Niagara Gazette

September 1, 2009

EDITORIAL: Tread carefully on state reform


The abysmal failure of the current state government in Albany has provoked an understandable outcry for reform.

In the heat of debate, irate citizens have offered remedies running the gamut from “throw-all-incumbents-out and start over” to a constitutional convention to rewrite the coveted document that has shaped New Yorkers lives for centuries.

The tumult and shouting over the dysfunctional structure that has virtually paralyzed activity on Capitol Hill for months is thoroughly justified.

The very voters screaming that they’re fed up and won’t take it anymore are in the position to spur long-overdue change.

Recent polls make it abundantly clear that nearly 50 percent of the eligible voters are so upset by all the shenanigans in Albany that they would not hesitate for a moment to turn their own state senator out of office in 2010.

That’s a refreshing change from earlier times when dissatisfied voters were often reluctant to vote against their own senator. After all, many voters convinced themselves their representative in Albany was doing the best possible job.

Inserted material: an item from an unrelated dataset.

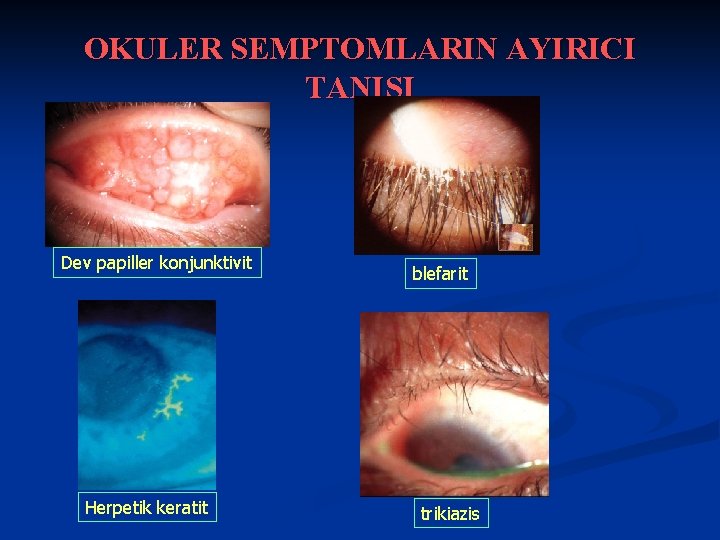 OKULER SEMPTOMLARIN AYIRICI TANISI Dev papiller konjunktivit Herpetik keratit blefarit trikiazis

Things could change, of course, within the next 14 months, but the lawmakers in both houses would have to adopt an entirely different attitude toward the way they conduct business.

Today, those same voters are apparently weighing yet another approach to fixing the broken system: a constitutional convention.

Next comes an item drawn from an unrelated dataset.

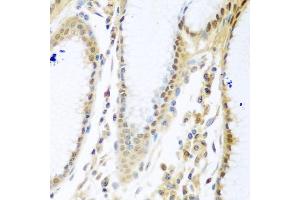 Immunohistochemistry of paraffin-embedded human stomach using MYBBP1A antibody (ABIN5972490) at dilution of 1/100 (40x lens). (MYBBP1A Antikörper)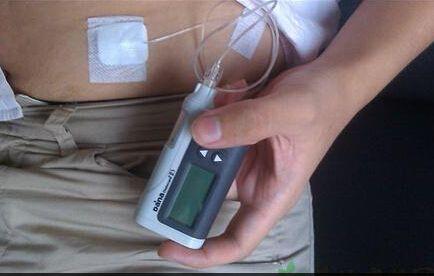 胰岛素泵多少钱一个,胰岛素泵一般多少钱一台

At a glance that might seem a viable option but voters need to be wary of the inherent pitfalls as well.

In 1997, the last time that voters even considered the proposal for a convention, the measure was trounced by a coalition of conservative activists, labor unions and environmental groups encouraged by state lawmakers who traditionally abhor any idea of changing the power structure in Albany.

If voters really believe that a constitutional convention would bring needed reform, they should at least demand incumbent lawmakers be excluded from the process.

Since the delegates are paid — as they should be — the incumbents would end up with a second salary, hardly what a state mired in a fiscal crisis needs.

A constitutional convention is bound to fail if professional politicians are put in charge.